Karena saya tidak pernah mengalami yang namanya pacaran dan saya sangat membutuhkan rasa kasih sayang dan perhatian dari seorang cowok, jadi kadang saya suka berkhayal tentang orang-orang (baik nyata maupun fiksi) yang jadi pacarku, berkencan, makan berdua, jalan-jalan berdua, berpelukan, berbagi rasa kasih sayang, dll. Sehingga ada timbulnya rasa romantis di dalam diriku.

Teman saya pernah meminjamkan Blue Film gay ke saya dan saya membandingkannya dengan Blue Film straight dan lesbian, kuakui Blue Film gay lebih menarik dan juga benar-benar menggasyikkan. Nonton Blue Film gay saja saya sudah merasa cukup puas sebagai pelampiasan nafsu sendiri dan membuang rasa kesepianku, walaupun kedengarannya memang tidak terlalu seru, terkadang saya pernah berkhayal tentang main seperti di Blue Film. Jika seandainya saya benar-benar punya pacar, alangkah senangnya hatiku karena dapat saling berbagi kasih sayang, perhatian, juga saling memberi dorongan sebagai pemacu semangat, memberi dan menerima masukan dari segala hal. Saya memiliki satu kelebihan utama yang ada di dalam diriku yaitu bisa menjaga kepercayaan serta menyimpan segala rahasia.

Keluargaku juga masih tidak tahu isi hatiku, walaupun pernah sempat curiga, tetapi saya tetap selalu menyangkal, karena saya tidak ingin membuat keluargaku sedih dan kecewa, saya paling mengerti bahwa keluargaku tidak suka gay. Itulah membuat hatiku semakin tertekan dan tidak bisa dengan bebas untuk mengutarakan isi hatiku. Kalau dipikir-pikir kembali soal ini, rasanya saya ingin menangis, menjerit dan berteriak. Tapi apa boleh buat, saya terpaksa memendam sendiri di hatiku sebisa-bisanya sampai sekarang masih tetap bisa kutahan.
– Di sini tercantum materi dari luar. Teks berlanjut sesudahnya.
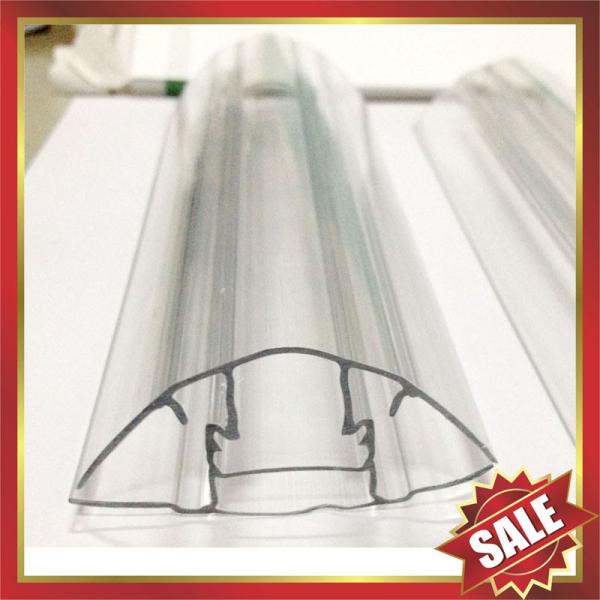 high quality polycarbonate PC Buckle,PC Snap,PC Connector profile for polycarbon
Ada rasa suka dan duka pun juga selalu kujalani sendiri dengan tegar tanpa berbagi dengan seseorang spesial. Ungkapan isi hatiku ini adalah nyata, bukan berarti saya tidak PD, tetapi saya merasa bahwa saya harus menceritakan ini untuk melepaskan tekanan isi hatiku yang sudah kupendam sendiri selama ini tanpa berbagi dengan seseorang dan saya tidak tahu harus berbagi kepada siapa, selain melalui situs ini. Saya tak bermaksud tertutup bagi orang lain, tapi secara umum hal ini tidak lazim, jadi saya memendam isi hatiku ini secara pribadi.

Saya sudah tidak sanggup untuk menulis lebih panjang lagi, hanya akan membuat hatiku tambah sedih. Cukup sekian cerita ini yang dapat kuungkapkan dari isi hatiku yang paling dalam. Bye.